Wednesday, May 6, 2009
Question for the TV Execs.
I admit it freely - I am a fiction addict. Books can be pulp fiction or literary classics I don't care. Movies, I rent regularly. Television, yes even prime time TV. I make this admission knowing fully it can get me expelled from the "cool moms who ban TV club" and the "I don't waste my time with pulp group." My husband ordered a DVR a year ago (which I didn't want) and I love it! I use it regularly - and usually not for breakthrough science documentaries. As Popeye would say, "I am what I am."
But watching TV has its pros and cons. The biggest pros being that I can do paper work, fold clothes, or just veg-out while having my mind entertained. The cons would be the questions & doubts that it causes to run through my mind.
When a popular FBI drama sends agents to a home to help the family of 2, 5, or 6 find their lost child the home is always spotless. It does not matter whether there are 3 kids under 5 in the home or just a teen and parent. Oh, sure there may be a load of laundry left neatly in the basket in the corner, or if they are really going for reality it is dumped neatly on a couch. No socks have escaped and there are certainly no underwear showing. This is usually within hours of the incident. How did the house get clean?

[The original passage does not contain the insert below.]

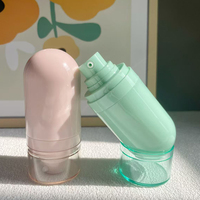Flacon pompe sans air inversé ABS 15ml 30ml 50ml pour lotion, réutilisable, en plastique, pour cosmétiques et soins personnels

Did the mother, knowing officials would be at the door, stop to clean? Do the police offer this as a service? Noooo - we are meant to believe that all houses are this clean everyday. Come now, my house is messier than that 1/2 an hour after a Saturday make-over! Either I am a really bad housekeeper or TV has an agenda - making all parents feel the need to obsessively tidy.
The only houses that are ever dirty are the ones that were home to either a gruesome murder scene or an addicted parent. And that filth usually amounts to dishes in the sink and garbage that needs to be taken out. Ughhh - there is no murder scene at my home and no addiction issues. To what can I attribute the fact that there have been dishes in the sink for more than 10 minutes?
My husband wonders why I am obsessive about the house being clean before we leave for a trip. This is the reason! What if we crash and officials have to enter my home - they are bound to judge me as a raving lunatic mother who must be in some part to blame for her misfortunes. After all there are some underwear on the floor.